La casa no parecía la misma desde el día en que la madre se había enfermado, y Pablito ya se había acostumbrado, casi, a no hacer ruido con el tambor y a conversar bajito con su regimiento de soldaditos de plomo.
El padre, cada tanto, como acordándose de que existía, le daba una palmada en la mejilla y, guiñándole el ojo, le decía igual que antes: -Y, amigo...Como marchan los negocios?
Y Pablito reía, porque esas palabras que parecían huecas, querían decir muchas cosas en su corazón de caramelo.
A la madre la veía pocas veces, un ratito, a la tarde. La miraba con sus ojitos asombrados, se acercaba a su cuerpo cálido y perfumado, y la besaba mucho, como picoteándole la ternura que ya mamá no le daba, tan quieta en su lecho impecable, tapada con las sábanas que bordó la abuela. “Que suerte tiene mamá...dormir con sábanas bordadas con florcitas de colores...”
Después lo mandaban afuera, y hasta le permitían algo que hasta hacía poco le tenían terminantemente prohibido: salir a la calle a correr con los demás niños de la cuadra.
Una mañana llegó la abuela de su lejano pueblo provinciano, y tambien llegaron las dos hermanas del padre.
La abuela le trajo dulces regionales, unos libros de cuentos con figuras en rojo y en azul, y un perro blanco con las orejas marrones y los ojos de vidrio celeste.
Las tías le trajeron un pulóver grande “pero el año que viene le andará”, lo estrujaban y a cada momento movían la cabeza balbuceando “pobrecito, pobrecito”. Todos estaban raros, nadie se reía ya. Ni siquiera el doctor Funes, que siempre le hacía chistes y le llevaba caramelos que no comía porque tenían olor a remedio.
Cada día lo dejaban estar menos tiempo en la habitación de la madre, y a él le parecía que los ojos de ella le pedían que se quedara allí, junto a la cama, hablándole de la escuela, de los chicos de al lado...
Esa tarde todos estaban mas raros todavía, y a través de las puertas y las paredes oyó una palabra que no entendía muy bien.

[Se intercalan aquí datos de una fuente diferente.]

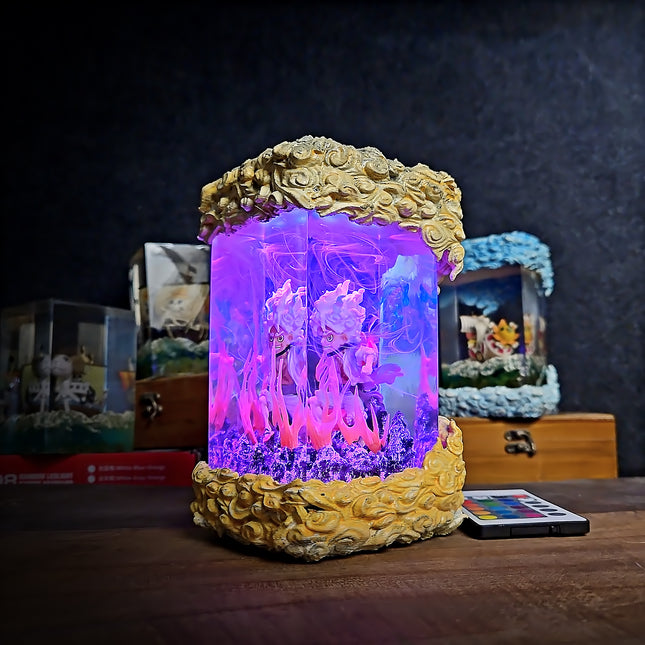 Decorative lamp with colorful light and floral design on a dark background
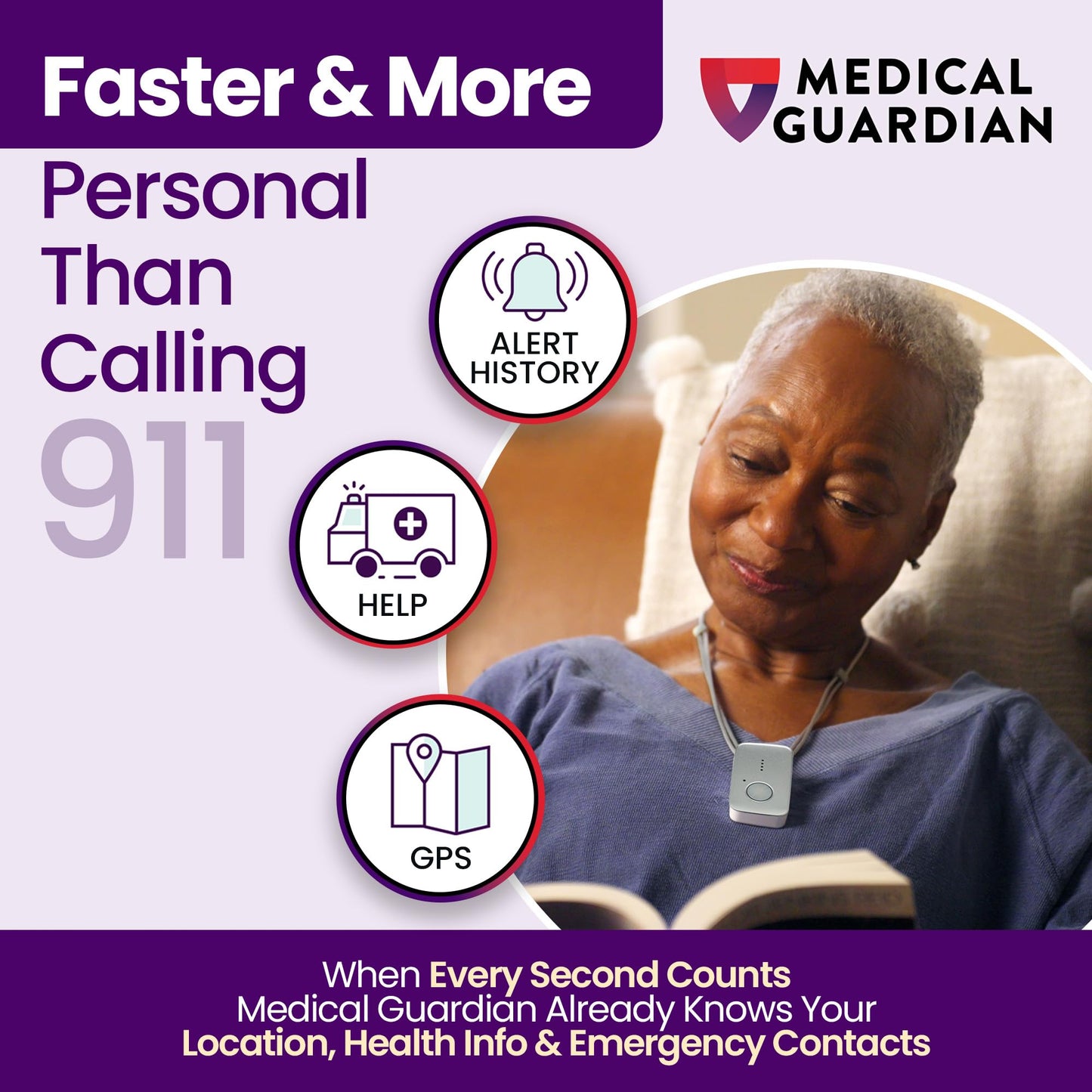 Medical Guardian MGMini | Get Help Instantly & Stay Independent | Medical Alert Device for Seniors | 24/7 Monitoring, GPS Tracking, Emergency Button | Subscription Required | Silver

- Papá...que es la muerte? - Vos lo sabes, Pablito..., te acordás del patito que te regalé... ese que una mañana se quedó dormido para siempre? - Si...el patito...como para olvidarlo!..., era chiquito y amarillo, un pedacito de sol gritón que corría por el patio y se metía en la casa sin pedir permiso... - Bueno..., todos un día nos quedaremos dormidos para siempre..., para descansar de nuestras fatigas... Eso es la muerte: entra en silencio, sin llamar a la puerta... y luego se marcha sin hacer ruido... - Los juguetes también se mueren? - No, los juguetes no. - Entonces mi oso no morirá nunca.
Siguió jugando en su pequeño mundo, y de pronto sintió una angustia enorme creciéndole en el cuerpo pequeño. - Mamita! – dijo para si.
Se paró junto a la ventana, mirando hacia fuera, buscando en los árboles de la calle, en la gente, en el cielo recortado por los edificios, una solución... una solución...
- Entra sin llamar – se repitió. Y una lucecita se encendió en el fondo de sus ojos.
Corrió a su cuarto, revolvió su valija de la escuela, arrancó una hoja del cuaderno y con una letra redonda, panzona y despareja de primer grado escribió, bien grande, bien fuerte: “AQUI NO ES”. Contempló su obra con satisfacción. Se parecía al cartel que estuvo un mes en la vidriera del almacén y decía: “SE NECESITA MUCHACHO”. Sigilosamente salió a la calle y, pinchándolo con una chinche, colgó el letrerito en la puerta cancel, alta y oscura.
Se alejó unos pasos y lo miró. Si, se podía leer desde lejos. Si la Muerte pasaba por allí, seguiría de largo al leer “AQUI NO ES”.
Entró con el corazón aturdido. Por primera vez hizo caprichos porque no quería salir de la habitación de su madre; tuvieron que sacarlo por la fuerza, y la abuela le contó tres cuentos para que se durmiera. Al día siguiente lo despertaron mas temprano que de costumbre y le dijeron que no iría a la escuela.
No lo dejaron ver a la madre muerta para que tuviera un recuerdo mas hermoso de ella: el recuerdo de sus ojos vivos, de su sonrisa lenta, de sus caricias tibias. Solo vio como se la llevaban en un cajón oscuro y como la seguían unos autos cargados de flores.
Lo dejaron con la mamá de Carlos, el chico de al lado. Y Pablito lloraba, lloraba sin entender porque pasaba todo eso. Y a cada rato se escapaba a la calle y corría hasta la puerta de su casa para leer el cartel bien claro, bien claro, y se preguntaba:
- Si se puede leer bien, porque no siguió de largo?